微软2014在线笔试第二题 （对于问题中的k是有限制的，取值范围是1~9）

Description

Consider a string set that each of them consists of {0, 1} only. All strings in the set have the same number of 0s and 1s. Write a program to find and output the K-th string according to the dictionary order. If s​uch a string doesn’t exist, or the input is
not valid, please output “Impossible”. For example, if we have two ‘0’s and two ‘1’s, we will have a set with 6 different strings, {0011, 0101, 0110, 1001, 1010, 1100}, and the 4th string is 1001.

Input

The first line of the input file contains a single integer t (1 ≤ t ≤ 10000), the number of test cases, followed by the input data for each test case.

Each test case is 3 integers separated by blank space: N, M(2 <= N + M <= 33 and N , M >= 0), K(1 <= K <= 1000000000). N stands for the number of ‘0’s, M stands for the number of ‘1’s, and K stands for the K-th of string in the set that needs to be printed
as output.

Output

For each case, print exactly one line. If the string exists, please print it, otherwise print “Impossible”. 

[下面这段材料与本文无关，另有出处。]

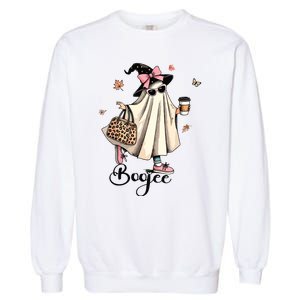 Boo Jee Ghost Ice Coffee Coquette Bow Halloween Women Girl Garment-Dyed Sweatshirt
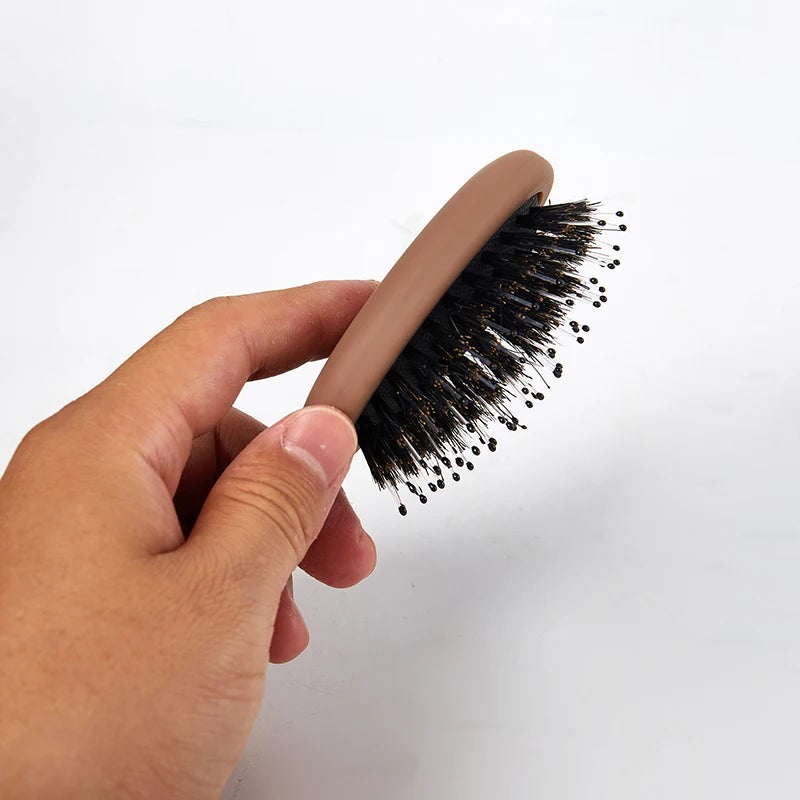 Oval Boar Bristle & Nylon Hair Brush | Anti-Static Mini Brush Boar Bristle Hairbrush QXL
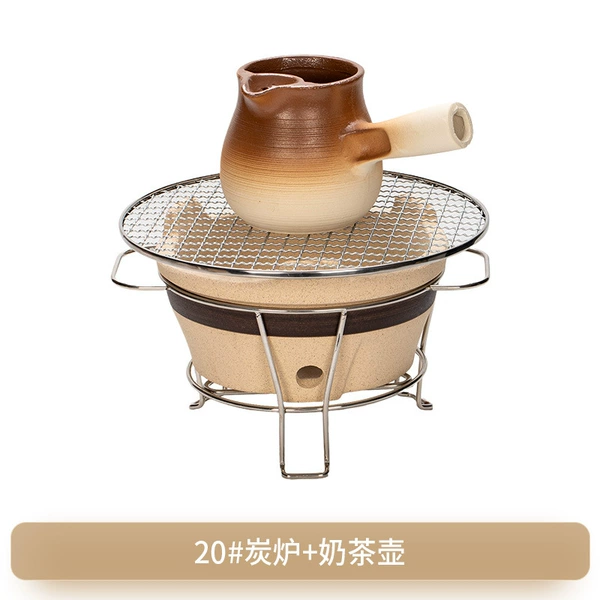 20# charcoal stove + spray color milk tea pot + shelf + net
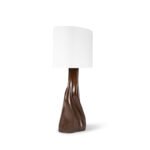 sculptural solid wood base detail of Nectar table lamp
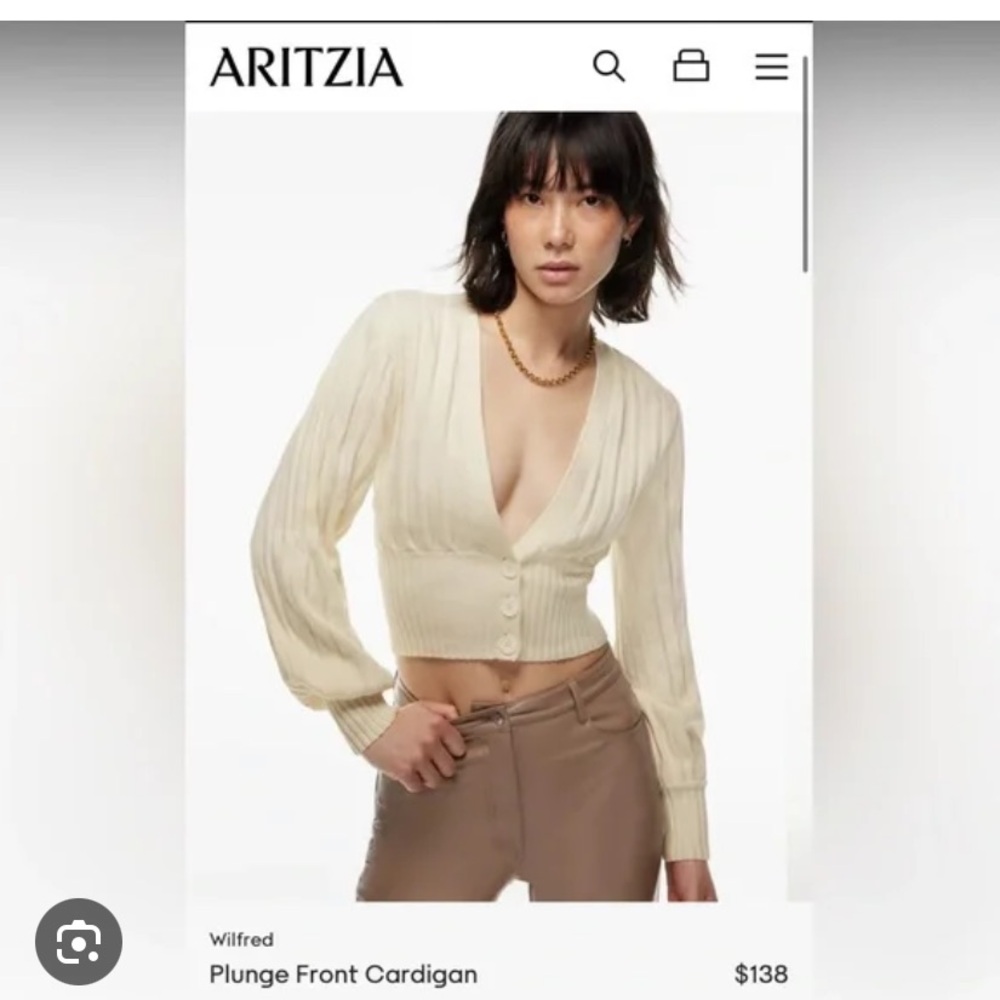 Wilfred Ivory Plunge Front Cardigan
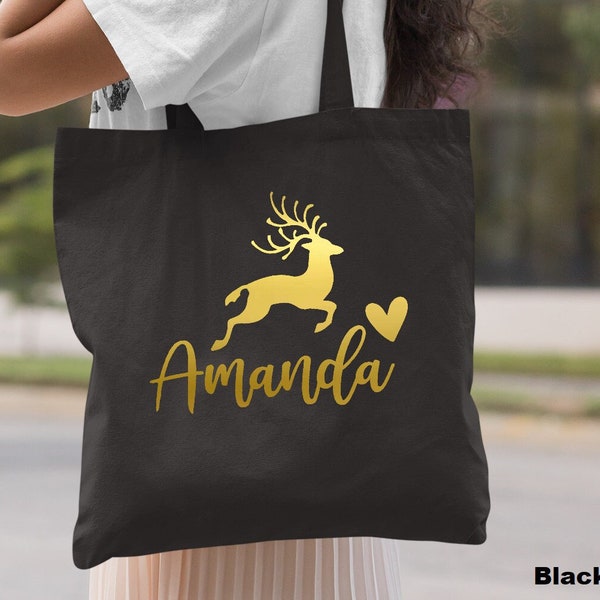 Christmas Gift, Christmas Tote Bag, Customized Tote Bag, Personalized  Tote Bag, Canvas Tote Bag, Gift for Women, Kids Gift Bag, Xmas Gift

ps：这里面要求的K的取值是[1,1000000000],博主的程序限定了K的取值范围，改为[1,9]。

#include <stdio.h>
#include <string.h>
#include <math.h>
#define MAXWORDS 30000
#define NUM 18

void string_process(int s[], int start);
int countones(int tar_num);

int main()
{

char test_number[6];
char c;
int i, j, k, num ,tmp;
int test_cases[MAXWORDS];
int test[3];

memset(test_number, '*', sizeof(test_number));

//******************************************************输入数据****************************************//
printf("INPUT THE TEST CASES NUMBER YOU WANT  PS:it must ranged from 1 to 10000\n");
i =0;
while((c = getchar()) != '\n')
{
test_number[i] = c;
i++;
}

i = 0;
while(test_number[i] != '*')
{
i++;
}

num = 0;
tmp = i;
for ( j = 0; j < tmp; j++)
{
num = num + (test_number[j] - '0') * (int)pow(10, (int)(--tmp));
}

printf("the test cases number you want is %d\n", num);

k = 0;

for (i = 0; i < num; i++)
{
printf("INPUT THE %d th test case:\n", i+1);
j = 0;
while((c = getchar()) != '\n')
{
test[j] = c - '0';
j++;
}

for (j = 0; j<3; j++)
{
test_cases[k] = test[j];
k++;
}
}

tmp = k;
//***************************************************处理数据***********************************//
for (i = 0; i < num;i++)
{
printf("the %d th answer is :\n", i);
string_process(test_cases, i*3);
}
return 0;
}

void string_process(int s[], int start)
{
int i, j;
int sum , min, max;
int num_0 = s[start];
int num_1 = s[start+1];
int num = num_0 + num_1;
int k;
int k_number;
int a[NUM];
int m = num_0;
int n = num_1;
sum = jiecheng(m ,n);

if(s[start+2]>sum)
{
printf("IMPOSSIBLR\n");
return;
}
max = 0;
j = num;
min = 0;
k = 0;
for (i = 0; i < num_1; i++)
{
max = max + (int)pow(2,--j);
min = min + (int)pow(2,i);
}

for(i = min; i <= max; i++)
{
if ((j = countones(i)) == num_1)
{
k++;
if (k == s[start + 2])
{
k_number = i;
}
}
}

i = 0;
while(1)
{
a[i] = k_number%2;
k_number = k_number/2;
if (k_number == 0)
{
break;
}
i++;
}
while ((num-1) > i)
{
printf("0");
num--;
}
for (j = i; j >=0; j--)
{
printf("%d", a[j]);
}
printf("\n");

}

int countones(int tar_num)
{
int count = 0;
while(tar_num != 0)
{
tar_num = tar_num & (tar_num -1);
count++;
}
return count;
}

int jiecheng(int m, int n)
{
int c, sum;
int i;
c = m + n;

sum = 1;
for(i = 0; i < m;i++)
{
sum = sum * c;
c--;
}

for (i = 0; i < m;i++)
{
sum = sum / m;
m--;
}

return sum;
}

重要函数——int conutones(int n)：该函数的作用是算出一个整数的二进制形式包含多少个1

其中，如下一段代码表示将十进制转化为二进制，并打印出来：

i = 0;
while(1)
{
a[i] = k_number%2;
k_number = k_number/2;
if (k_number == 0)
{
break;
}
i++;
}
while ((num-1) > i)
{
printf("0");
num--;
}
for (j = i; j >=0; j--)
{
printf("%d", a[j]);
}
printf("\n");